The attempt to create “higher level” multiple choice questions does not always result in valid assessment. In fact, I’m beginning to wonder if this kind of close-ended, limited choice question can even legitimately test anything beyond a simple analysis.
In secondary school, I’ve seen students who could easily answer multiple choice questions aimed at synthesis and evaluation (according to Bloom’s taxonomy). Yet, these same students stumble on lower level questions. They had picked up the pattern of how the distractors were written… supposedly to require higher level thinking. But they struggle with lower level questions because the test makers get desperate for distractors that are plausible for themselves. Test writers sometimes expect students to show evidence of learning by the ability to perceive the difference in two words with one letter variance, or two identical numbers, except for the placement of a decimal. Students misread and get easy questions wrong. In this case are we testing comprehension or visual acuity?
Even on an objective based test there are students who can perform a particular task, and miss the questions testing it. For example in math, if questions are vaguely worded and require extensive vocabulary, a student who has mastered the math skill can still miss the question. I have discovered that when this type question is read aloud, students answer correctly more frequently. So are the questions testing higher level thinking skills in math or reading skills? What are we really testing?

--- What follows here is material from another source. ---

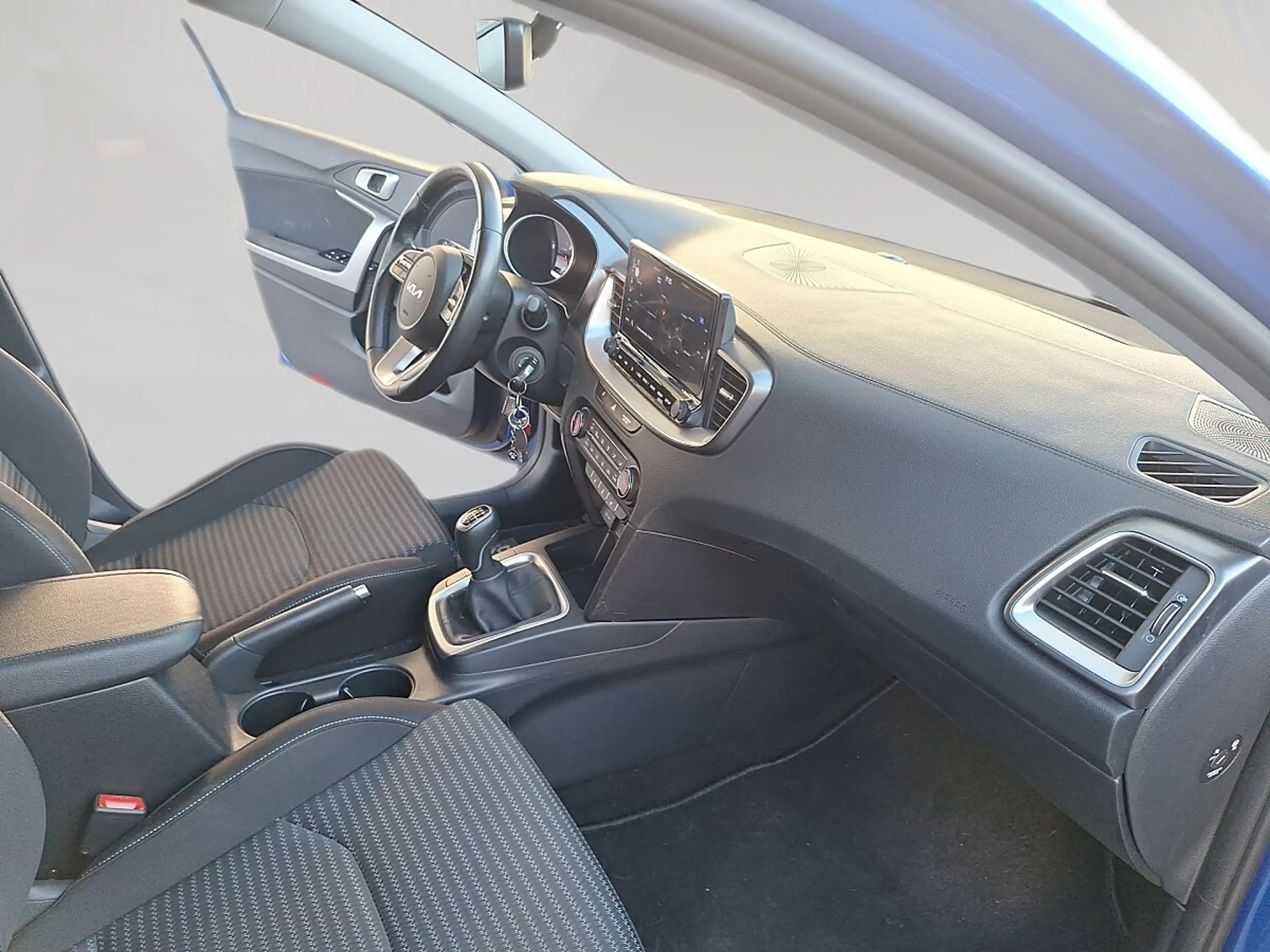 Kia Ceed / cee'd ceed 1,0 T-GDI GPF Silber — photo 14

Formulas for creating questions based on research are used in education. However, the test questions themselves are not often subjected to any kind of real evaluation. The best way to determine efficacy is to “test the test. ” When developing training for industry we used an alpha review of courses and tests that required problem-solving and applications of theories. Two or three students – the same average age and background as those to be trained -would provide feedback. Many invalid questions were dealt with during alpha review as students recognized ones that were confusing or contained multiple right answers. Then, a beta review was conducted with 50 to 100 students to provide statistics on validity and reliability.
However in the educational test industry, “testing the test” is often done as part of the actual administration. Because of the high stakes of the test for the schools, there is a great fear of letting any but a select few see the standardized tests before the release date. Even on the day of the exam students are warned not to discuss the questions with anyone after the test. Of course they still do. However, does that really affect how well students perform? Or only how well they think they have done.
What is the educational system gambling on when it depends on this kind of multiple choice testing ? It is whether or not the test results adequately mirror the students’ actual skills.